Use it to undo committed work in reverse order. Compensation itself is not retried — wrap external calls in try/catch and log structured failures.

Pause / resume (roadmap)

External pause/resume is not in v0.1.0. ExecutionHandle.resume(event, payload) exists in the type signature but throws “Not supported in v0.1.0” at runtime.

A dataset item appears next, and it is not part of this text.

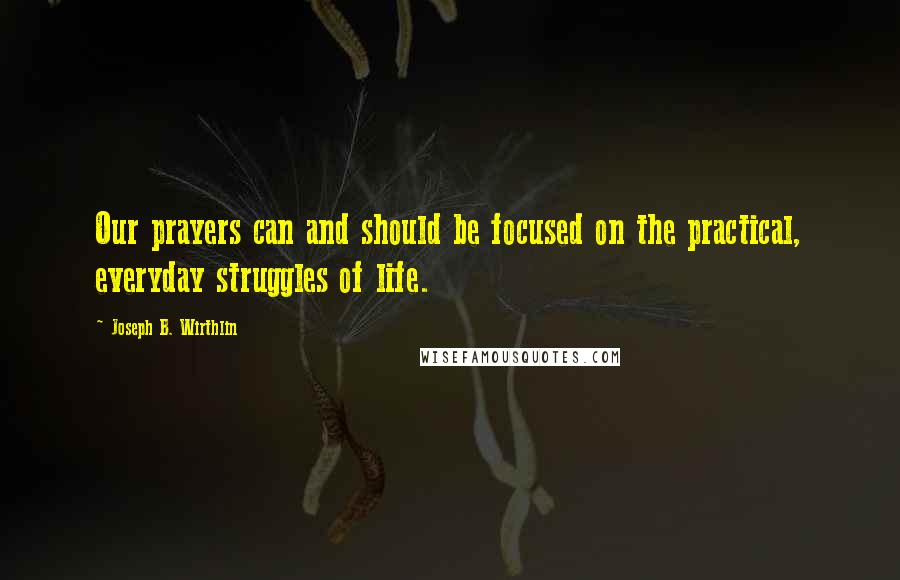 Joseph B. Wirthlin Quotes: Our prayers can and should be focused on the practical, everyday struggles of life.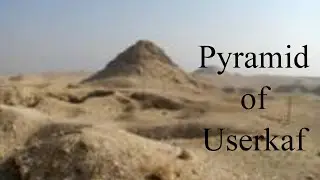 Pyramid of Userkaf North Saqqara, Egypt, North Africa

For now, model human-in-the-loop steps by:

  • Returning the in-flight executionId to the caller and storing it.
  • Letting the user act (approve in @workkit/approval, click a link, etc.).
  • Starting a new follow-up workflow keyed on the original execution.

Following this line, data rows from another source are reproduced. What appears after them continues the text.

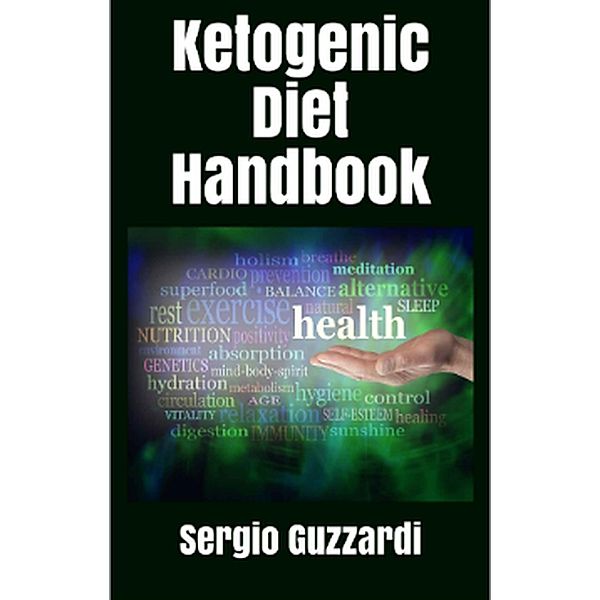 Ketogenic Diet Handbook, Sergio Guzzardi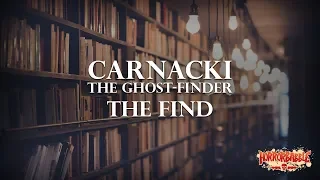 "The Find" by W. H. Hodgson / A Carnacki, the Ghost-Finder Story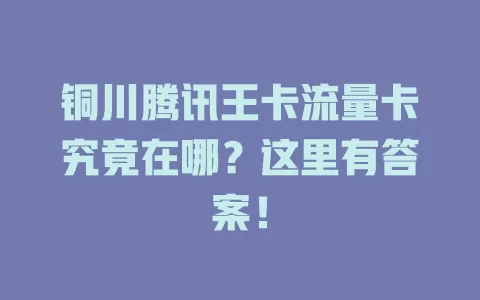 铜川腾讯王卡流量卡究竟在哪？这里有答案！
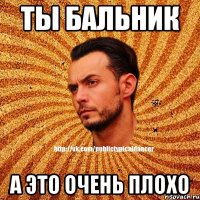 Ты бальник А это очень плохо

When resume() lands, the journal will gain a waiting state so cold-start replay can skip past suspended steps.

Status, journal, cancel

const handle = orderFlow.execution(id);
await handle.status(); // "pending" | "running" | "completed" | "failed" | "cancelled" | "waiting" | "sleeping"
await handle.journal(); // StepJournalEntry[] — full per-step audit trail
await handle.meta(); // ExecutionMeta — input, started/finished, attempts
await handle.cancel(); // marks cancelled; compensation runs

Errors

Terminal failures surface through the result() discriminated union as WorkflowError:

type WorkflowError = {
executionId: string;
failedStep: string;
stepAttempt: number;
message: string;
journal: StepJournalEntry[];
};

SerializedStepError (in journal entries) carries code, message, retryable, attempt, and timing.

Idempotency

Always set idempotencyKey on steps that POST money, send messages, or write to external state:

.step("charge-card", handler, {
idempotencyKey: (input) => `charge:${input.orderId}`,
})

The key is hashed and stored on the journal entry. On replay, the handler is skipped and the previous result returned — even if the original request reached the external system but the response was lost.

Cloudflare Workflows backend (roadmap)

backend: { type: "cf-workflows", binding } is reserved in the type but not yet implemented — instantiating a workflow with that backend throws “Only DO backend supported in v0.1.0”. Track the package CHANGELOG.

See also

  • Durable Objects@workkit/do primitives that the DO backend builds on.
  • Approval Workflows — model human-in-the-loop by chaining a follow-up workflow from an approval decision.
  • Queues and Crons — schedule workflow runs from cron triggers or queue messages.